* [WORK TO BE COMPLETED] Go through each line of the entries below and tally those containing the string "Watches"; give only the total.

[Short text fragments from websites]
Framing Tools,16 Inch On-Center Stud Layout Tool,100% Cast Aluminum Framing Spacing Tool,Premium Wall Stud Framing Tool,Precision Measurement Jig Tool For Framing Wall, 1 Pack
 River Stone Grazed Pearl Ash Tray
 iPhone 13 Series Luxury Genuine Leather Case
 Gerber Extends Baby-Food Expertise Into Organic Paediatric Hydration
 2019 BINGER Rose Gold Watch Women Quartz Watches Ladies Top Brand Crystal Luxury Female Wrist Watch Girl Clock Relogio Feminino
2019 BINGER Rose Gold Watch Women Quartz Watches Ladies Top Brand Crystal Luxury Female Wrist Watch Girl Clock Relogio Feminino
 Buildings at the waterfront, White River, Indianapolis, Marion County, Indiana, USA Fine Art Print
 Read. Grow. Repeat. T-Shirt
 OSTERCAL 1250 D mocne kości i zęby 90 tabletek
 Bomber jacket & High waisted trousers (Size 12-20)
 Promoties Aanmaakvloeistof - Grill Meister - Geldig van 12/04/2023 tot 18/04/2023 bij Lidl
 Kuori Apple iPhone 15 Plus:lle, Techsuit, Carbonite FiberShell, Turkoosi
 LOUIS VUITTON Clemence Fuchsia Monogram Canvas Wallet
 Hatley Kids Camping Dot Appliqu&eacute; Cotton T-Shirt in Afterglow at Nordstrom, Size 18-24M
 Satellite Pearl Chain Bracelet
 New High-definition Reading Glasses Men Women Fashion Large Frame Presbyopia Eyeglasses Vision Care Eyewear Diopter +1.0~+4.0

* [SOLUTION TO THIS PROBLEM] 2